Stockholders’ equity is the portion of a company’s value that belongs to its owners after subtracting what the company owes from what it owns — like the equity in a house after paying the mortgage. For investors it shows the company’s net worth and can indicate financial strength, a cushion against losses, and the amount potentially available to support dividends or reinvestment; tracking changes helps assess whether the business is building or eroding owner value.
market value of listed securities financial
"requires either $2.5 million in stockholders’ equity or a market value of listed securities (“MVLS”) of $35 million"
The market value of listed securities is the total worth of stocks, bonds and other tradable instruments quoted on an exchange, measured using the prices investors are willing to pay right now. It’s calculated by multiplying each security’s current market price by the number of units outstanding and adding those amounts together, like totaling the value of every item in a store at today’s prices. Investors watch this because it shows the size, liquidity and overall health of the market or a company’s publicly traded portion, and it influences index weights, fund allocations and perceived risk.
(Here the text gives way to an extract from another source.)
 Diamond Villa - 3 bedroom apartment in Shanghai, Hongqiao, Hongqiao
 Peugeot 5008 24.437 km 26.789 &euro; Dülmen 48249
Mandatory Panel Monitor regulatory
"The Staff determined that the Company remained subject to a Mandatory Panel Monitor for a period of one year"
A mandatory panel monitor is an independent group tasked with regularly reviewing safety and key results during a clinical trial or regulated program to protect participants and ensure the study is conducted properly. For investors, this matters because the panel can recommend changes, pauses, or early stopping of a trial — actions that can speed up, delay, or quietly derail a program and therefore materially affect a company’s timeline and value, much like a referee whose calls change the outcome of a game.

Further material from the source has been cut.